_What is required:_ For the entries below, say how many lines include the word "Image" and add nothing else.

Start of Material provided

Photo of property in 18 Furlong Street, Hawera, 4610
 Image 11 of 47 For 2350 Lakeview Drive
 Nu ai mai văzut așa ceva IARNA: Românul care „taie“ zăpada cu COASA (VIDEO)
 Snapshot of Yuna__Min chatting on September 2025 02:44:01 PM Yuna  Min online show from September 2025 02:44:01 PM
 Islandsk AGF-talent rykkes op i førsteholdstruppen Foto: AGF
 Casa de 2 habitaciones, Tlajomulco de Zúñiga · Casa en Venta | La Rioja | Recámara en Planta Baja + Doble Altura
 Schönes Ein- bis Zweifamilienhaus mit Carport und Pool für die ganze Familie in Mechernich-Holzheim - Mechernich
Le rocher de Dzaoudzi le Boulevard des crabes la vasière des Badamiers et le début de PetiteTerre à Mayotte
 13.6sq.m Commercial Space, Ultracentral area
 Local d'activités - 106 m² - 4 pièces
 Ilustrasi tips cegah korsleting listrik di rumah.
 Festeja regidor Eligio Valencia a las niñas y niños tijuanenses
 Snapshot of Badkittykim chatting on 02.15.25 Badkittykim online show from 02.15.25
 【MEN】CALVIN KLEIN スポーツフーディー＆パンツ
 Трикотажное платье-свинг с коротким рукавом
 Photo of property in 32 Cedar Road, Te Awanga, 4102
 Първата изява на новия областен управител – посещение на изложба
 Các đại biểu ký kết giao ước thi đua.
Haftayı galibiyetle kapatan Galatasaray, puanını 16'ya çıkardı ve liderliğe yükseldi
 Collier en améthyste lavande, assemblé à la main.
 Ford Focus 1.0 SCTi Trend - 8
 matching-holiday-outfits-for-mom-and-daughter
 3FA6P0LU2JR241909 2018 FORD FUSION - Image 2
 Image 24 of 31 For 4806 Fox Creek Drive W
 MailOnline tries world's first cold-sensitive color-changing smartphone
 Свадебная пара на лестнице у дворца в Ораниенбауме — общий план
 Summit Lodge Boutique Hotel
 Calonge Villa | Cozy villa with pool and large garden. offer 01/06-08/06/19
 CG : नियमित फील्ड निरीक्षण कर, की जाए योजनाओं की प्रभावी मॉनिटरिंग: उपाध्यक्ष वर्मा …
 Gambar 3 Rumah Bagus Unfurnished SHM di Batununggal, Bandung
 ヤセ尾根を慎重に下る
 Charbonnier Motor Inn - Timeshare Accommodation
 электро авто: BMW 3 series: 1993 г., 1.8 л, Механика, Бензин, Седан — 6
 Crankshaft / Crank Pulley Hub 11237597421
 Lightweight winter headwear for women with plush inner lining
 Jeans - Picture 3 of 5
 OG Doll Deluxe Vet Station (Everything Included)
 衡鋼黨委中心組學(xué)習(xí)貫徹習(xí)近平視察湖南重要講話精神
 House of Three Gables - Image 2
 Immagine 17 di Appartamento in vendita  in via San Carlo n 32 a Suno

End of Material provided

_Solution for this task:_ 4